Every query I sent off was another anticipated rejection for me. For The Gunny, every query was a potential catapult onto the NYT Bestseller List and a SOON TO BE MADE INTO A MAJOR MOTION PICTURE sticker for the cover of my book.




After fourteen years together I finally understand he's the dreamer and I'm the realist. I may have the imagination in our relationship, but he has the unfailing optimism that scares me to death. While I'm just a dreamer, he's an honest-to-god Dreamer who believes his dreams are all attainable.




Maybe that's why I love him so much.




I'm posting a picture of my fabulous peanut butter pie with this blog post for all you dreamers out there. For all of you Dreamers out there, I'm also posting the recipe. Forget everything you know about chocolate and peanut butter; this is a dessert for grown-ups. The filling is light and mousselike without being overly sweet, and the chocolate ganache is glossy and elegant.




Eternal Optimism (a.k.a. Peanut Butter Pie)


Crust:

1 1/4 cups graham cracker or chocolate wafer crumbs

3 T granulated sugar

5 T melted butter


Filling:

8 oz mascarpone cheese (or softened cream cheese)

1 cup high quality creamy peanut butter

1/2 granulated sugar

2 t vanilla

1 cup heavy cream


Glaze:

1/3 cup heavy cream

2 T unsalted butter

4 oz bittersweet or semisweet chocolate, finely chopped


Whipped cream (optional)


Combine crust ingredients and press into the bottom and 1/2" up the sides of a 10" springform pan (or all the way up the sides of a 10" pie pan).


Beat cheese, peanut butter, sugar, and vanilla in a large bowl just until smooth.
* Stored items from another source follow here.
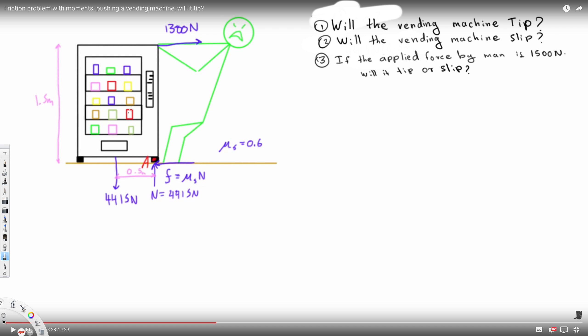Taking the moment around point A: sigma M_A equals zero. Taking counterclockwise as positive, the moment created by the weight is going to be 4415 times 0.5 from point A, so it's 0.5. The moment created by the man is going to be 1300 times the distance 1.5 — it's clockwise so it's negative, but bringing it to the other side it becomes positive.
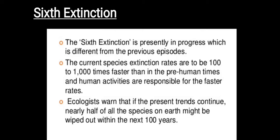At present, a sixth mass extinction is in progress, which is different from the previous five episodes. Current species extinction rates are 100 to 1,000 times faster than in pre-human times, and human activities are responsible for these faster rates. Ecologists warn that if the present trend continues, nearly half of all species on Earth might be wiped out within the next 100 years.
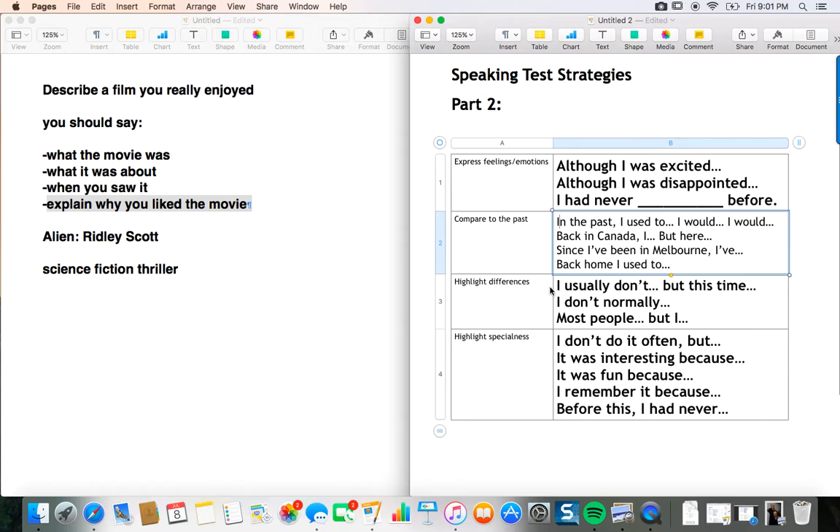For highlighting differences: 'I usually don't watch science fiction, but this time I did' — then explain why you watched it and why it was so impressive even though you usually don't like it. Or compare within the director's work: 'Most people prefer Ridley Scott's movie Gladiator, but I find this movie better because it's unique' and give those reasons. Or: 'Most people love Gladiator, but I like Alien because it was the first movie to have an evil alien as the villain.' Make those comparisons — it gives you much more to talk about.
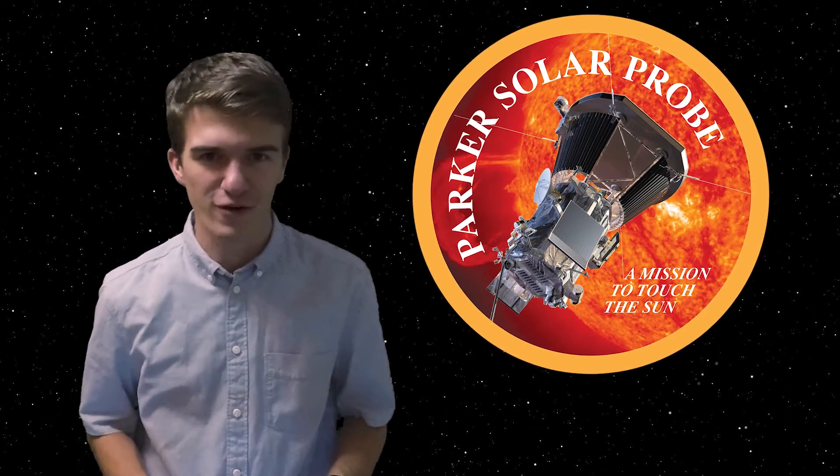NASA will soon launch the Parker Solar Probe, which will travel closer to the surface of the Sun than any spacecraft ever. On its journey it will have to survive extreme temperatures, perform complicated gravity assists, be able to measure the ever-changing magnetic field of a star, as well as try and uncover the secrets that Dr. Parker himself theorized 60 years ago. So how will the probe be able to do it?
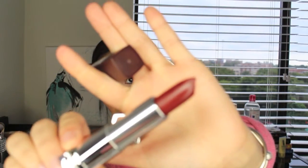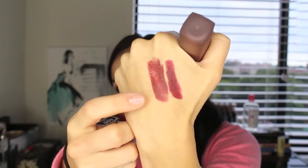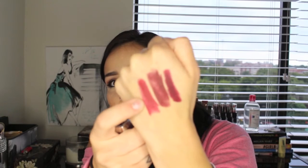I got two Maybelline matte lipsticks — one in Burgundy Blush and one in Divine Wine. Can you tell I'm stocking up for fall? Let me swatch Burgundy Blush first — wow, they're so similar! And then Divine Wine, which is actually a repurchase — I had it before but lost it somewhere. They're really similar shades but I don't care.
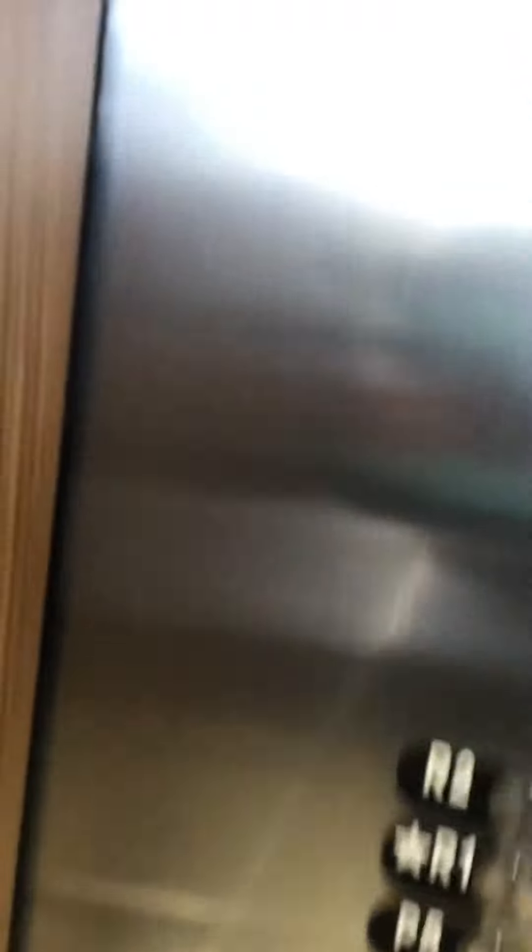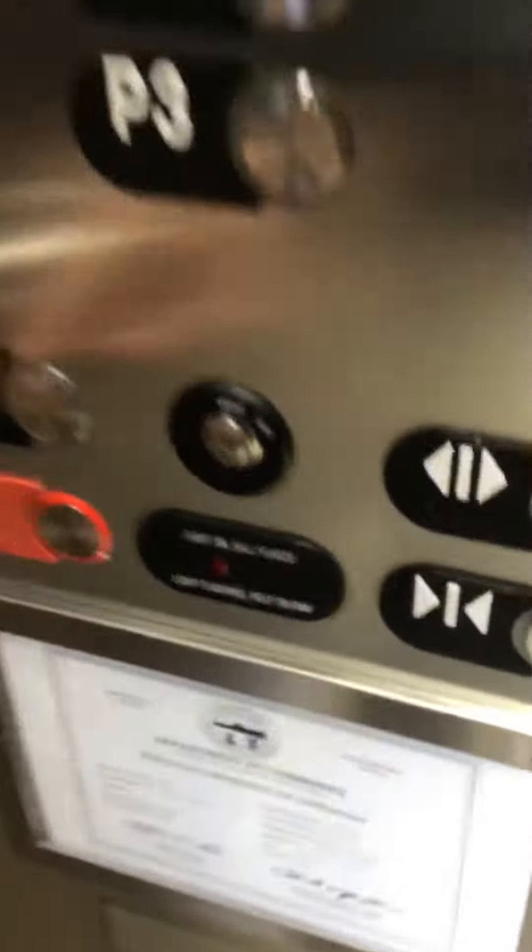It's a Gen 2. Close the door. Let's get a cab view inside. There's the alarm. Those are phones. 4,000 feet per minute. Let's take it for a ride.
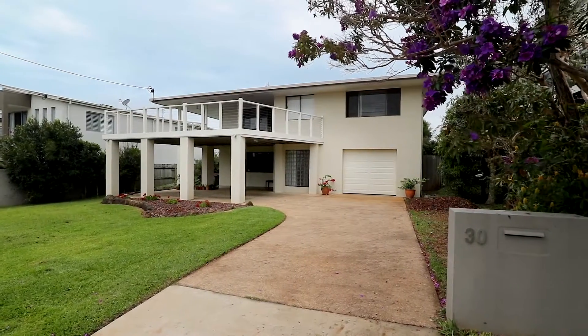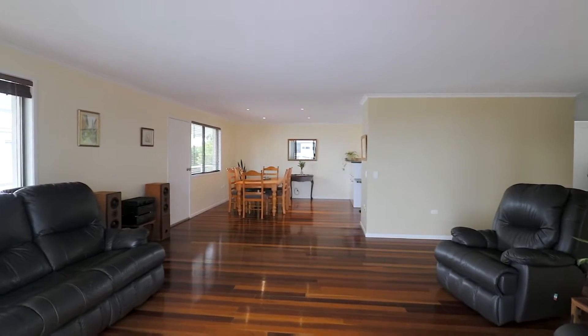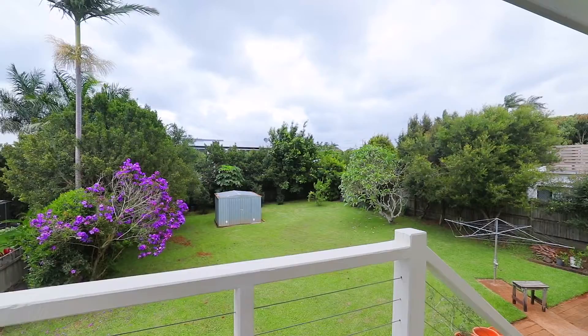This is a great family home consisting of four extremely spacious bedrooms, two living areas, a huge backyard, and let's not forget that enormous deck with views to the ocean.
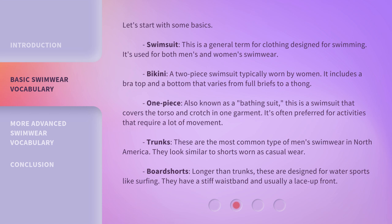One-piece — also known as a bathing suit. This is a swimsuit that covers the torso and crotch in one garment. It's often preferred for activities that require a lot of movement. Trunks — these are the most common type of men's swimwear in North America. They look similar to shorts worn as casual wear.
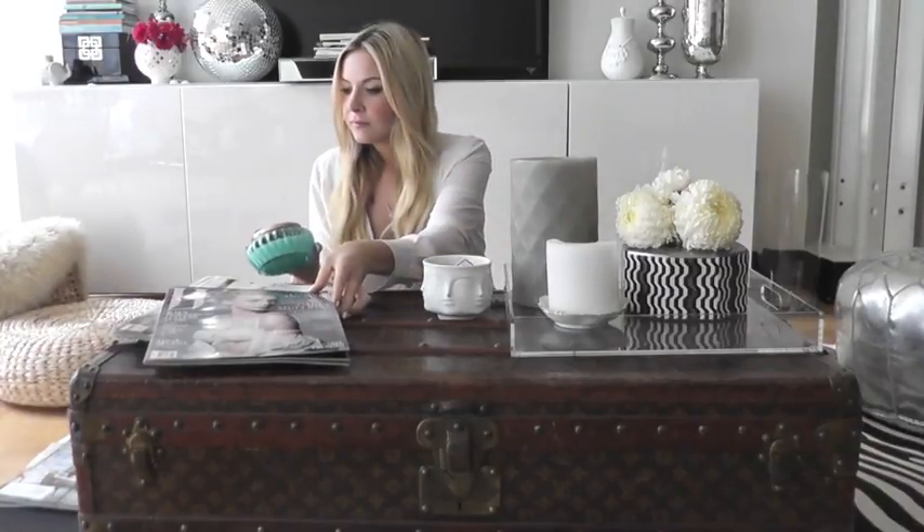Then for a pop of color, I'm using this Voluspa candle right now — it's a really pretty kind of teal color. And one more thing: coasters. The coasters I'm going to use are also by Jonathan Adler. They're a whimsical kind of design and they say funny things on them. So I'm just going to set those there. That's the first look.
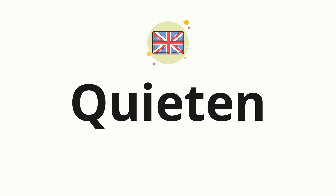Welcome to How to Pronounce. In today's video, we'll be focusing on a new word that you might find challenging or intriguing. So without further ado, let's dive into today's word.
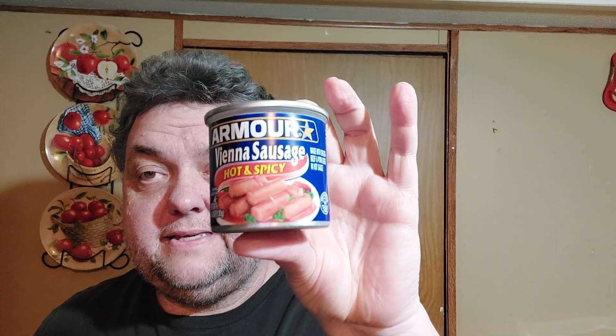And then I purchased this for my mom. She likes these viney weenies — viney sausages. This is a jalapeño flavored. And I got her a can of the hot and spicy. She could try that. She likes hot stuff, I don't, but I think she'll enjoy those.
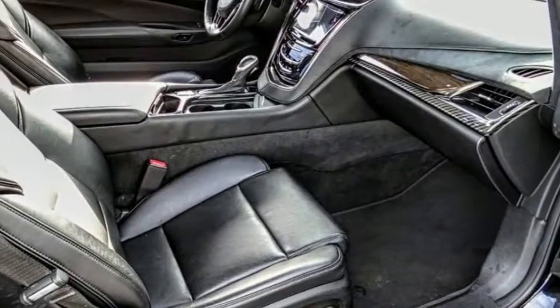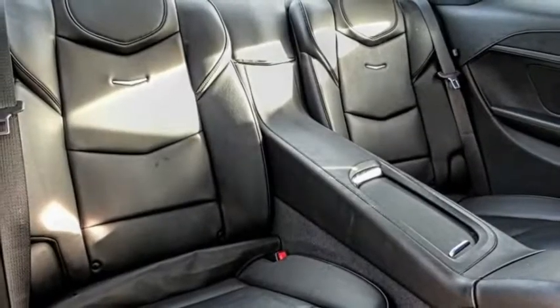If affordable style and reliability are what you're looking for, this vehicle couldn't be more perfect. Drive it today.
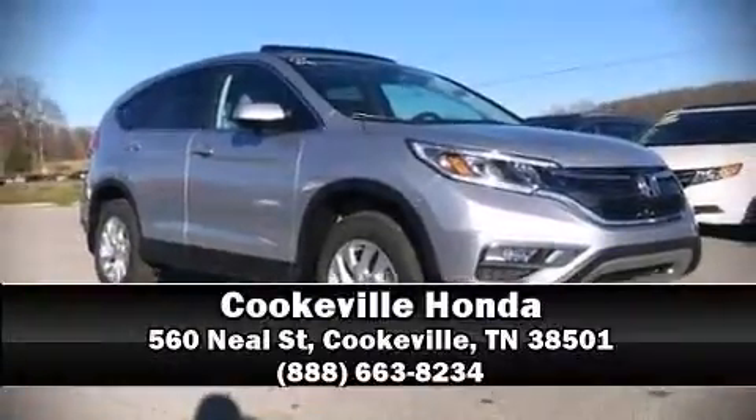Our sales reps are extremely helpful and knowledgeable. Please don't hesitate to give us a call.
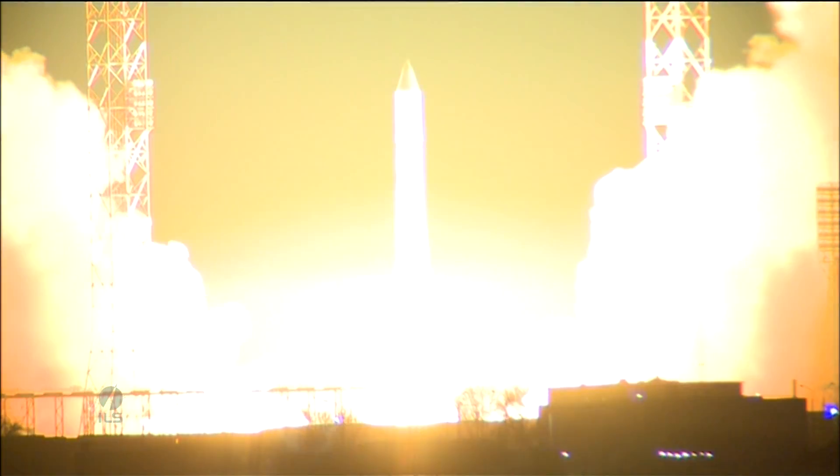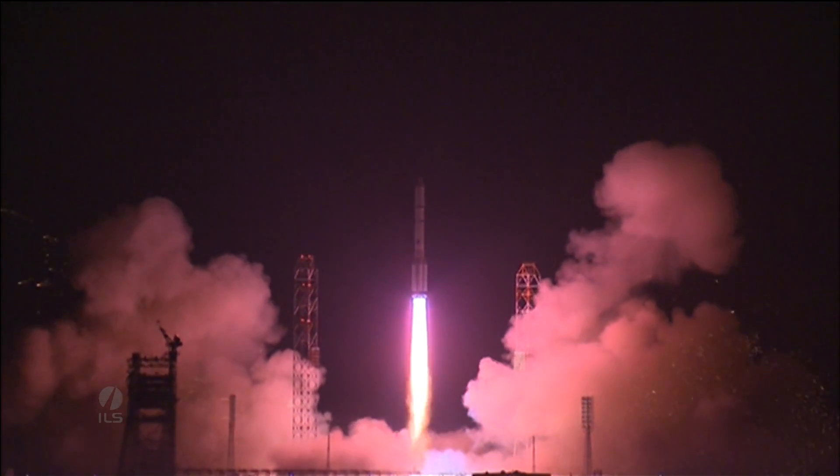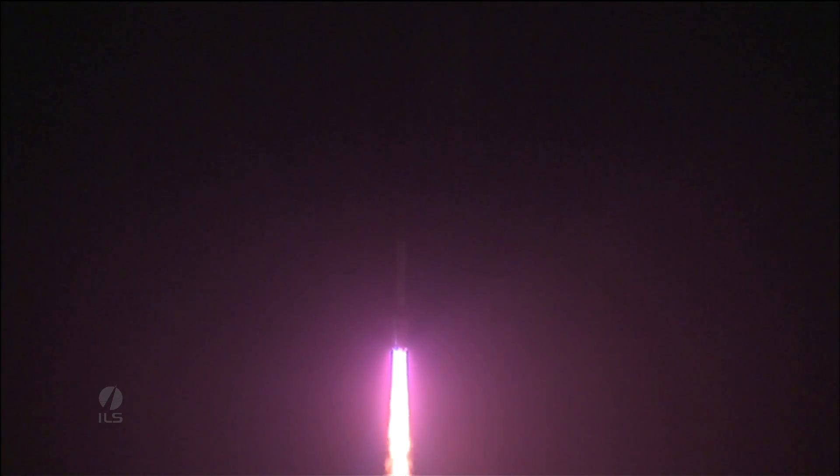We have ignition. And we have liftoff of an ILS Proton from the Baikonur Cosmodrome in Kazakhstan with the Eutelsat 9B satellite onboard.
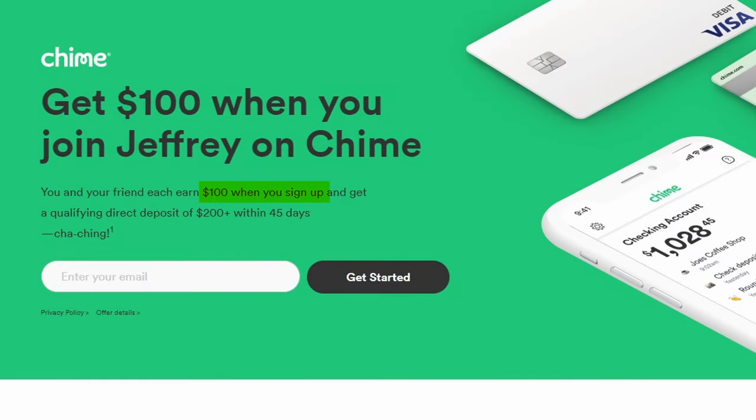Let's start out with what I like about QIIME — their welcome bonus. If you sign up for QIIME through someone's referral link, mine is down below, you can earn $100 after setting up direct deposit and receiving a qualifying direct deposit of $200 or more within 45 days of signing up.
In a separate bowl, beat 1 cup heavy cream until stiff peaks form. Fold half the whipped cream into the peanut butter mixture to lighten it, then fold in the remaining whipped cream. Spread the filling into the pie crust. Refrigerate until firm, about 4 hours.


Bring 1/3 cup heavy cream and butter to a simmer in a saucepan. Remove from heat and immediately stir in chopped chocolate until melted. Let cool to lukewarm and pour over the top of the pie. Refrigerate until the glaze is set, about an hour.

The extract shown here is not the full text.